Al contrario, obiettivi ambiziosi o mete troppo vaghe possono esporre l’atleta (e il suo staff) a insuccessi e frustrazioni.

  • Siano misurabili: ciò permette di analizzare nei dettagli il risultato ottenuto e di assegnargli un

punteggio (ad esempio su una scala da zero a dieci) al fine di comprendere cosa ha funzionato e cosa, invece, sarà necessario andare a migliorare.

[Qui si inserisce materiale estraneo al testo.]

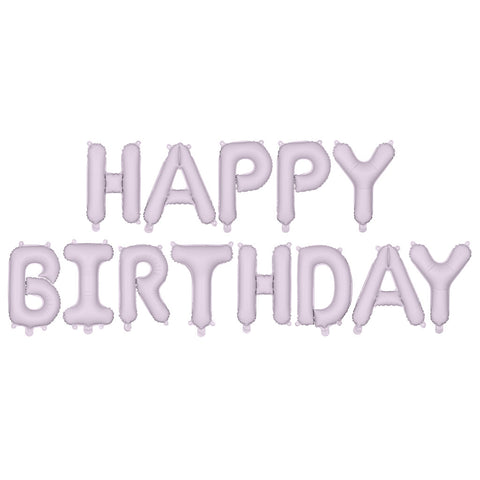 Purple Air-filled Birthday Banner Foil Balloon (14")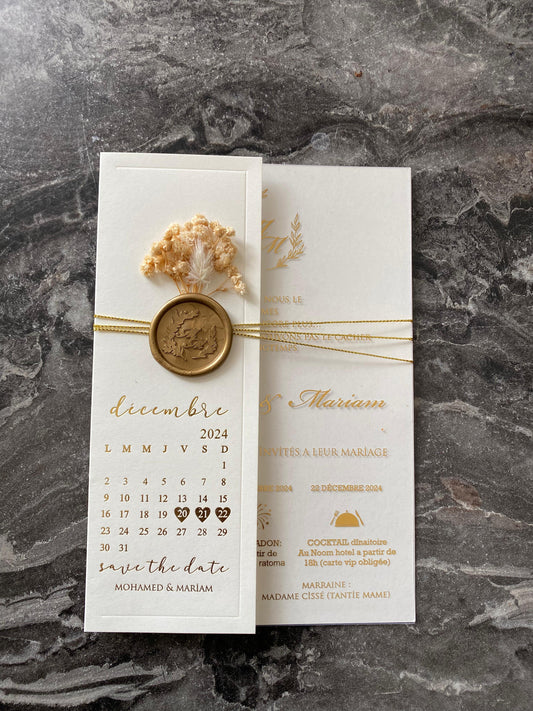✨ Acrylic Invitation Card – Crystal Elegance ✨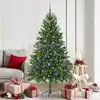 Image de Sapin De Noël Avec 300 Led Avec Support Vert 180 Cm Pe Vidaxl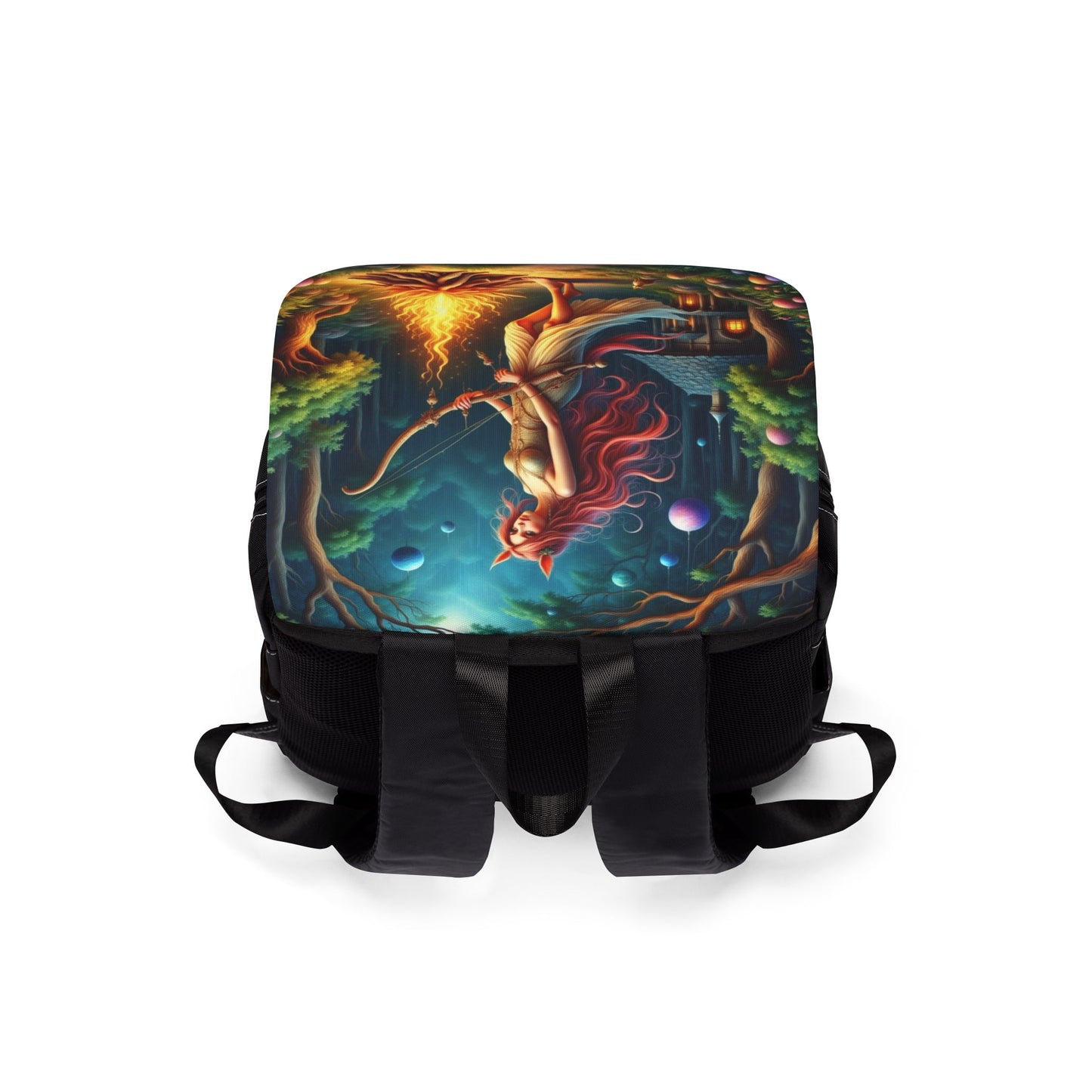 Enchanting Forest Dreamer Backpack, Unisex Casual Shoulder Bag, Unique Art Backpack, Perfect Gift for Nature Lovers, Hiking & Camping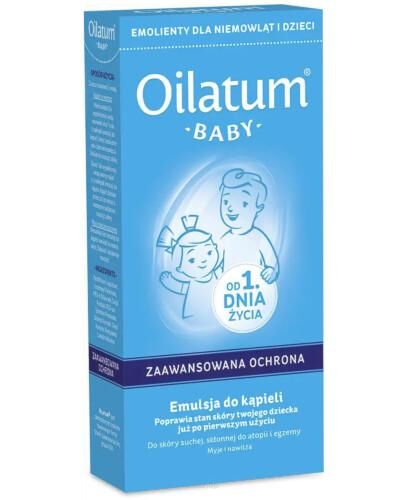OILATUM BABY Emulsja do kąpieli 150 ml AZS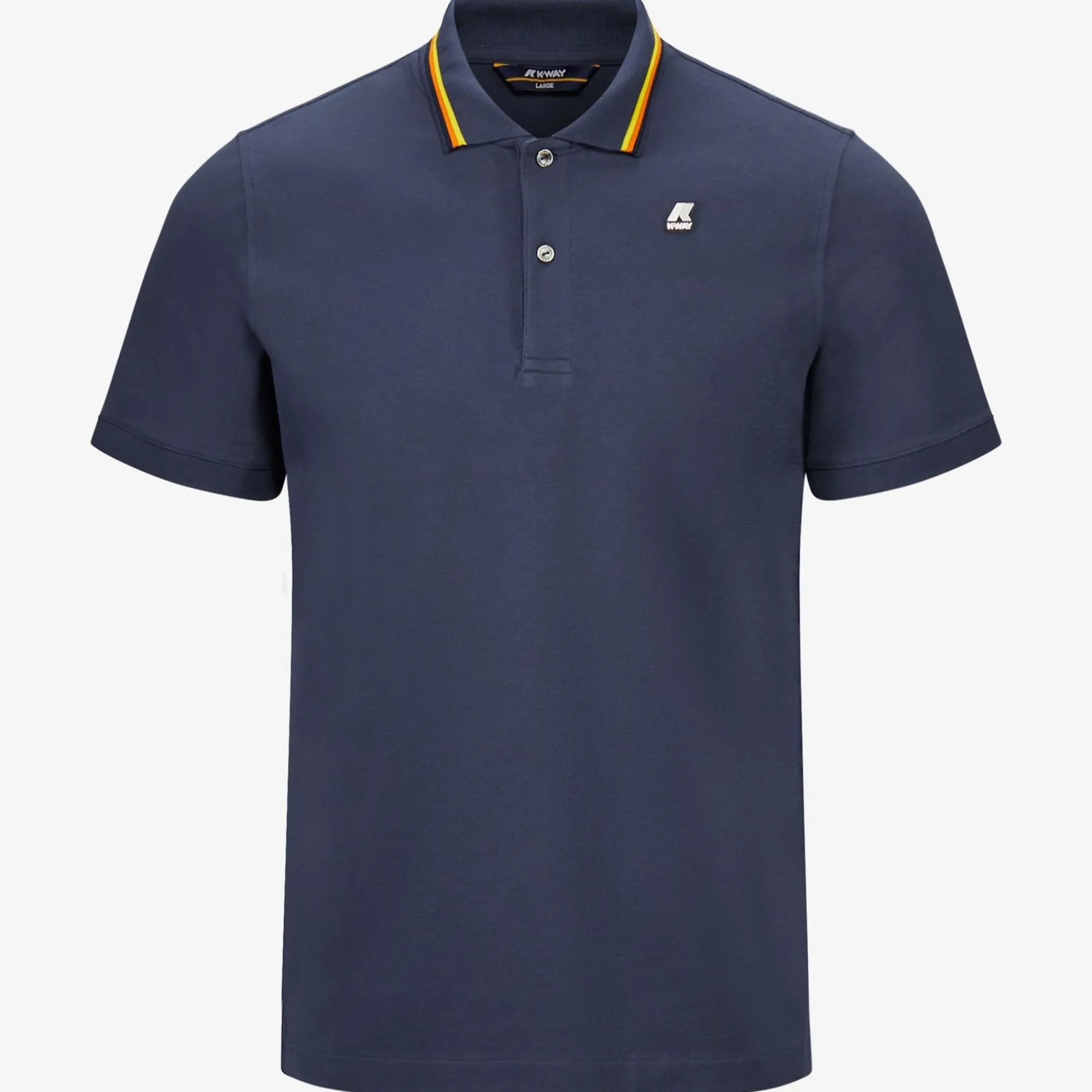 K-WAY Jud - Polo Shirts - Polo - Man - Blue Depth Clearance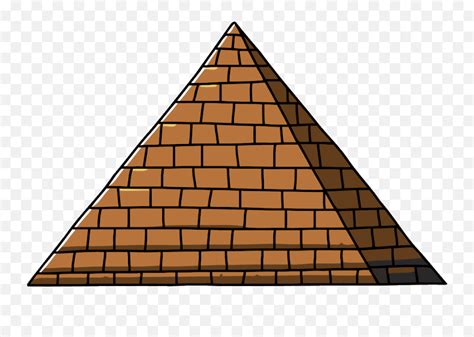 Triangular Clipart Pyramid Triangular - Pyramid Png Clipart Emoji ...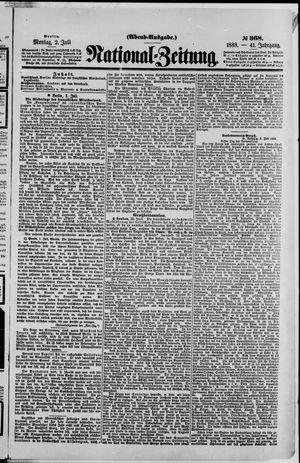 Nationalzeitung vom 02.07.1888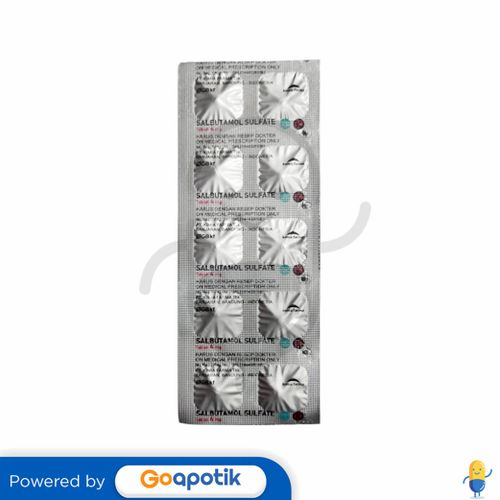 SALBUTAMOL KIMIA FARMA 4 MG STRIP 10 TABLET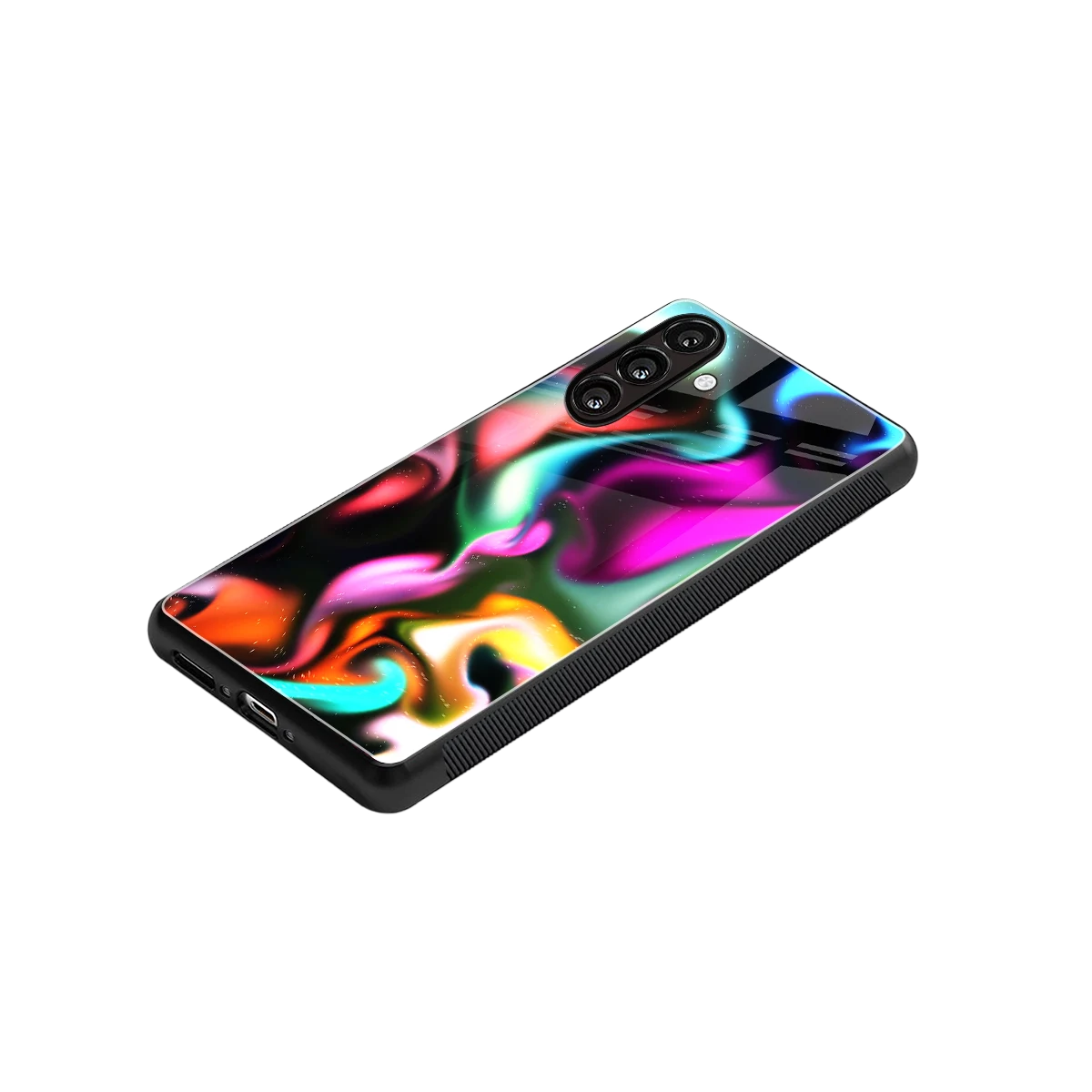 Aurora Glow stylish phone case for samsung galaxy m35 5g | glossy glass and slim fit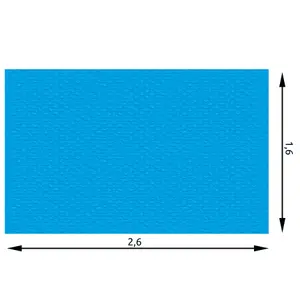 Pool Cover - rectangular, floating, protects and warms the water - 160 x 260 cm blue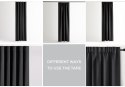 RESTILO zasłona BLACKOUT kolor czarny szarfa upinająca styl klasyczny taśma materiał blackout 140x300 - CURT/AH/BLACKOUT/PLEAT/B
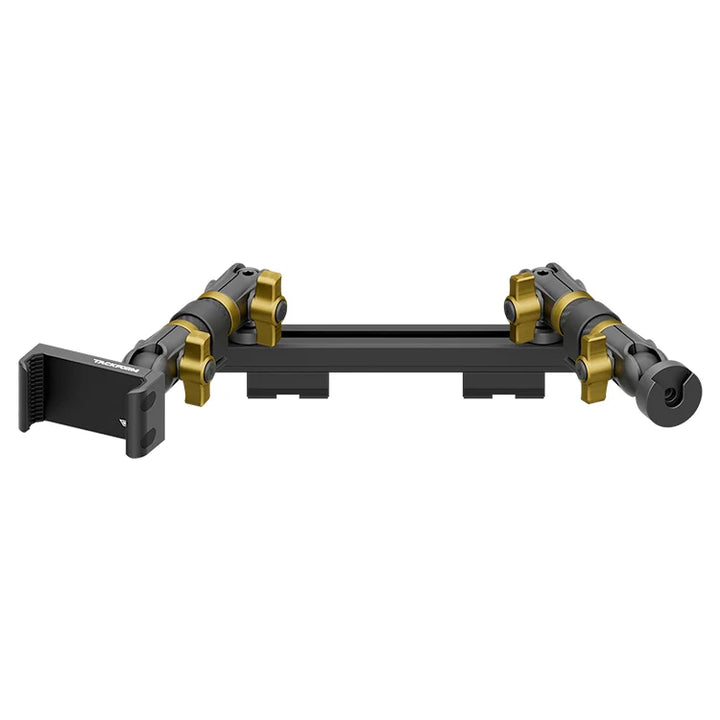TRAXX™ - Slim Track Dash Bracket With 20LITE Phone Holder & CB Microphone Holder | 2019-2023 Ford Ranger (WITHOUT Switch Panel)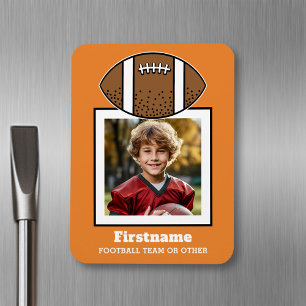 Football Player Photo名前を追加して色を編集 マグネット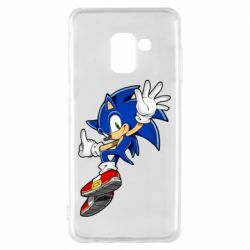 Чехол для Samsung A8 2018 Sonic and the jump - PrintSalon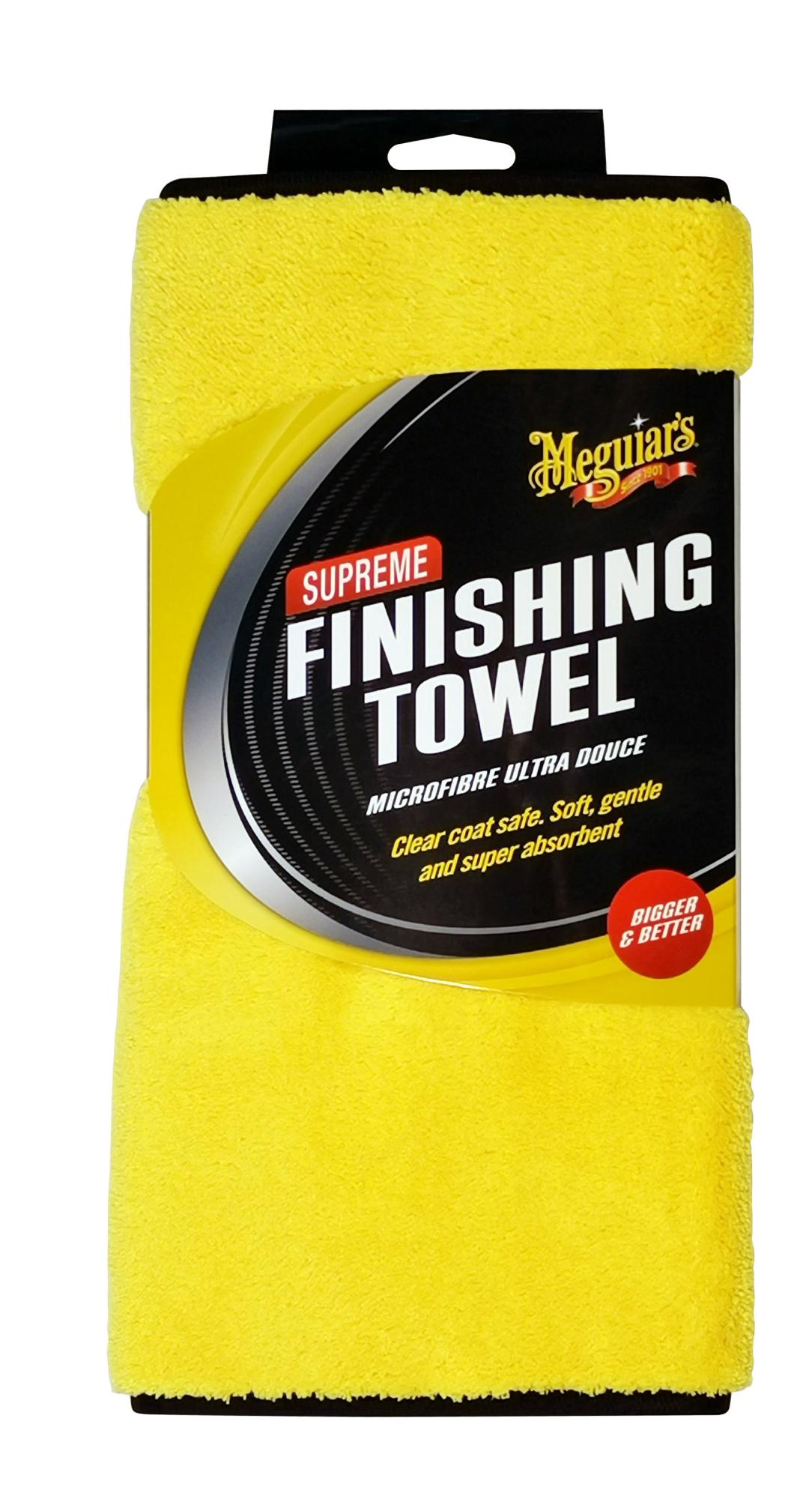 Meguiar's Auto-Microfasertuch fürs Lackfinish-Supreme Microfibre Finishing Towel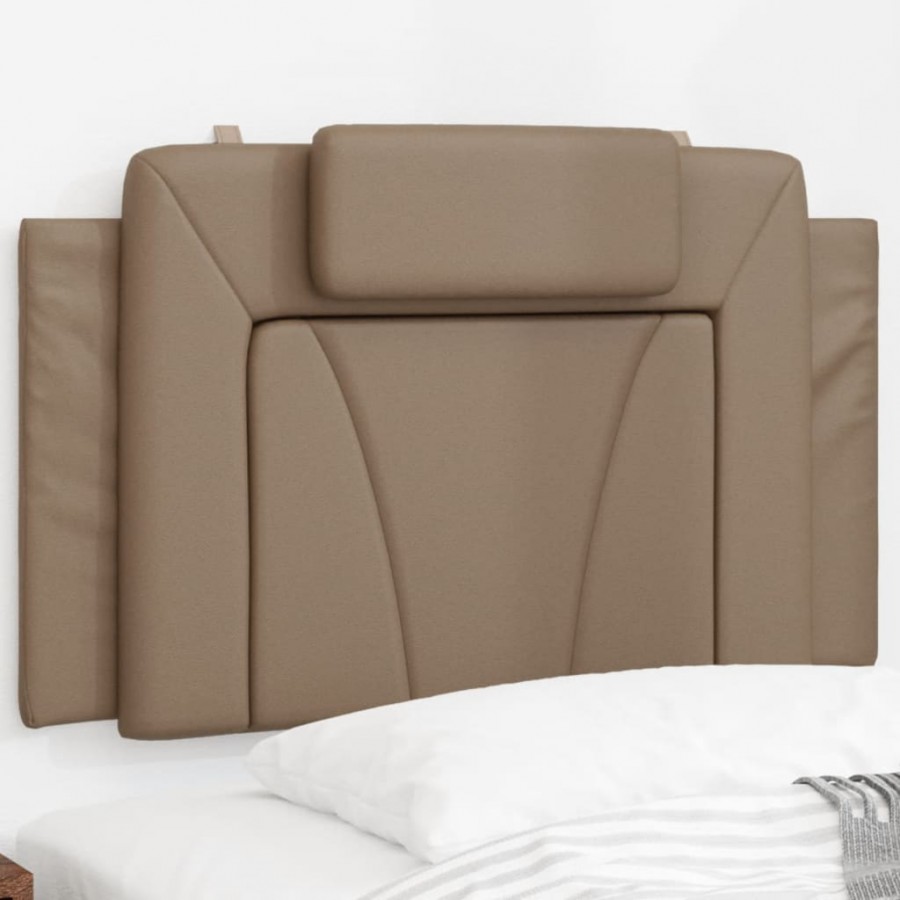 Coussin de tête de lit cappuccino 90 cm similicuir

  • Siano espressi in positivo: le ricerche hanno evidenziato che, in alcuni casi, sia inefficace concentrarsi su obiettivi caratterizzati da frasi che contengono il “non” (es. non devo fare errori, non devo compiere movimento, non devo essere così rigido). Solitamente così facendo otteniamo l’esatto contrario di quello che vogliamo.
  • Siano flessibili; infatti, potrebbe capitare che un atleta si accorga di non essere in grado di raggiungere l’obiettivo prestabilito ad esempio per l’insorgere di un infortunio. Per non vanificare gli impegni di un’ intera stagione sportiva, la strategia migliore sarà quella di ridefinire gli obiettivi prefissati per poter essere sempre motivati a dare il massimo per il loro conseguimento.

Tutte queste regole oltre a promuovere il raggiungimento degli obiettivi prefissati permettono di tenere alta la motivazione.

E allora se è vero che “CHI BEN COMINCIA È GIÀ A METÀ DELL’OPERA” che cosa aspettate? Sotto con il goal setting!